Consumers will be the judge
With enough fines and enough ambiguity, US firms will pull back from the European market, including by withholding or slow-rolling new features that US consumers enjoy. Indeed, the Facebook Marketplace incident shows that even well-received new services may quickly become liabilities if successful.
Explicitly or not, regulators and tech firms are both vying for consumer allegiance. If European regulators remain confident that their constituents believe in the DSA’s goals more than they dislike the costs, then regulators can stand firm as ever. If, however, they fear popular backlash, regulators will have to clarify the tradeoff choices they have made and take a more lax enforcement approach when companies struggle to strike the right balance.

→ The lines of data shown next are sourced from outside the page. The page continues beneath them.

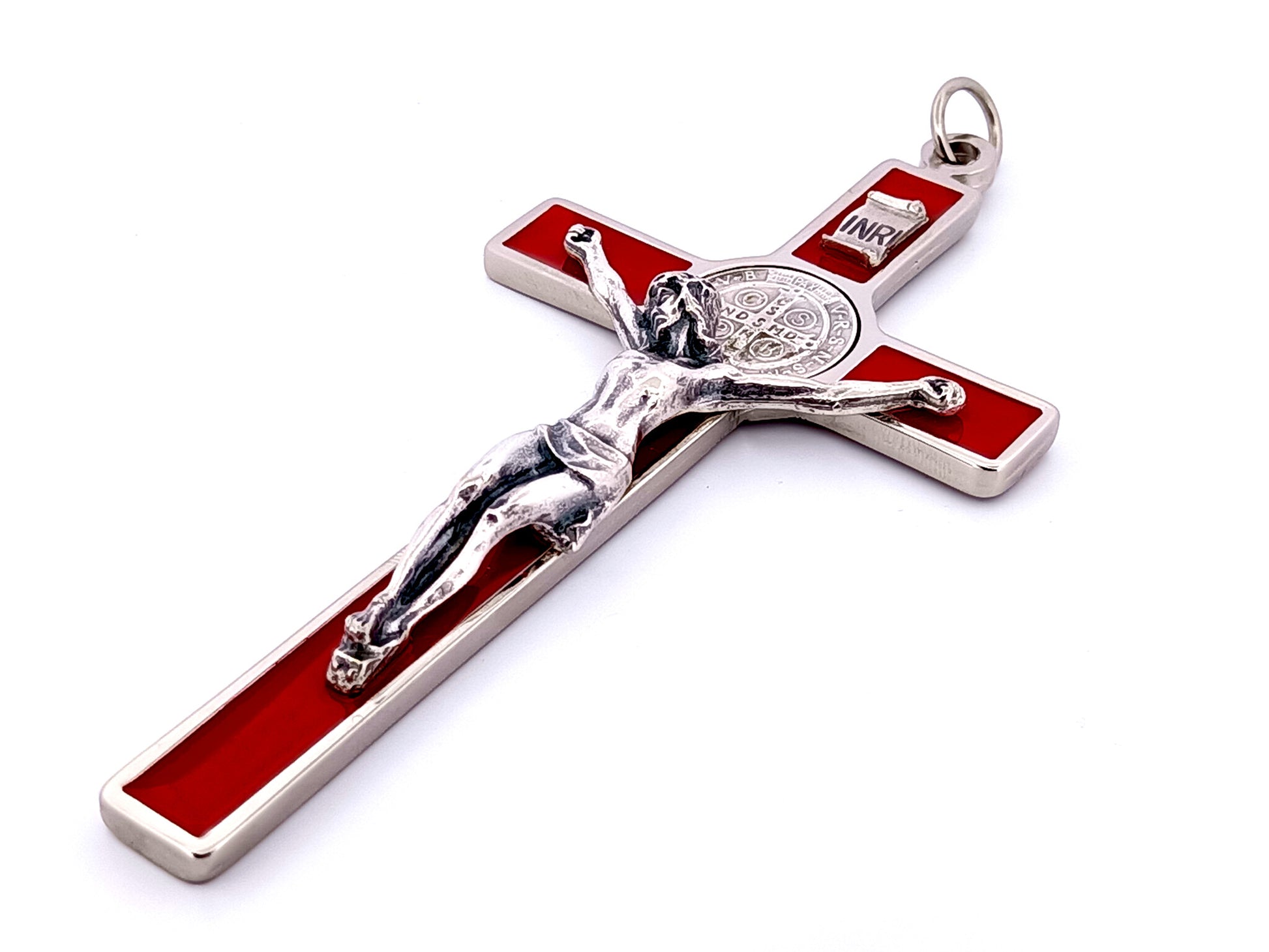 Silver and red enamel Saint Benedict crucifix.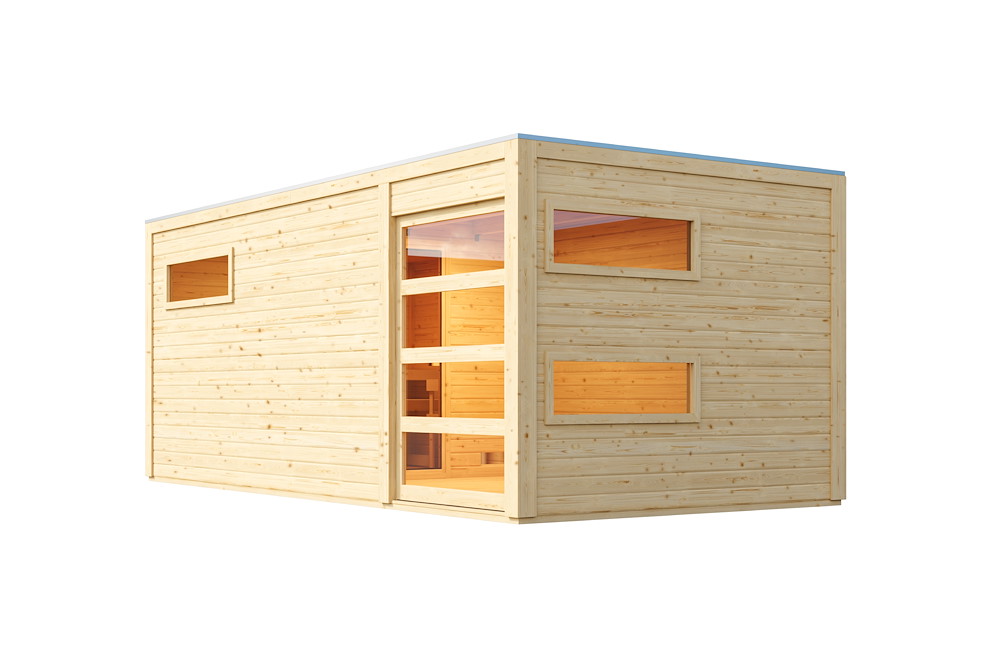 KARIBUHOLZT Sauna Hygge Ofen 11 kW Bio ext. Strg natur Schiebetür 16989927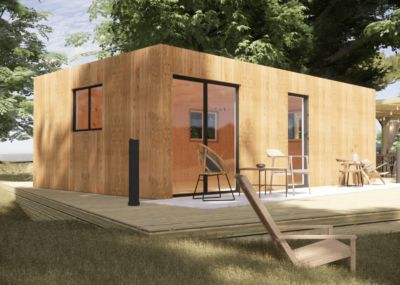 Bureau de jardin 4 saisons en bois 7,7 x 4,6 x 2,7 m / isolation RE2020 / menuiseries alu k-line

Meta’s boisterous criticism of the DSA points to an underlying truth about its operations in Europe. US tech companies have been clear on how they weigh the tradeoffs at play, and for that, they are selling more than their products. They are selling a proposition — the proposition that their network effects benefit consumers more than a fragmented market would. That the internet inherently amplifies both the democratic and dangerous aspects of free speech. That their proprietary algorithms serve you as well as them, and exchanging your data for their services is a mutually beneficial economic trade.
Lawmakers are only as empowered as the populace allows them to be. It will be up to European consumers to decide whether the proposition is one worth buying.